# Information shown
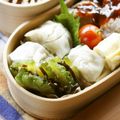ガメコ's cooksnap of when they made ゴーヤと塩昆布の和え物.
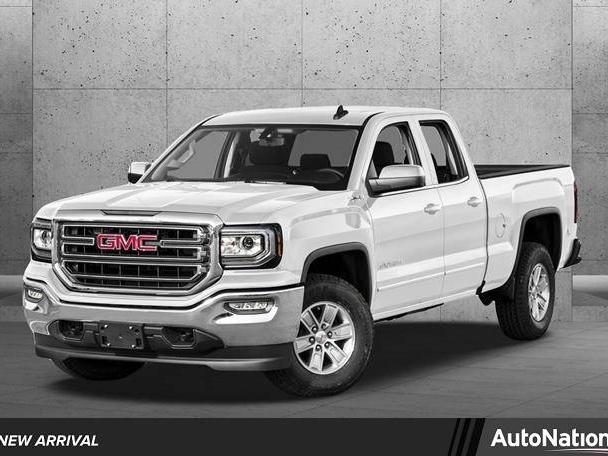 GMC SIERRA 2018 1GTV2MEC8JZ189018 image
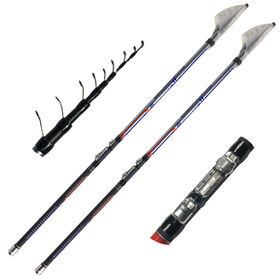 carbon fishing rod 5m supplier, carbon fishing rod 5m supplier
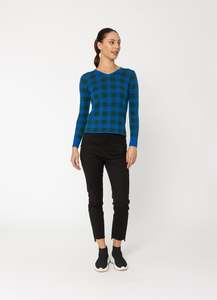 Two By Two 1: Rex Top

# Assignment
The expected output is an exact retyping of the lines from the line with "GMC SIERRA 2018 1GTV2MEC8JZ189018 image" through the last line of the data, with both ends kept and the pictures dropped.

# Response to the task
 GMC SIERRA 2018 1GTV2MEC8JZ189018 image
 carbon fishing rod 5m supplier, carbon fishing rod 5m supplier
 Two By Two 1: Rex Top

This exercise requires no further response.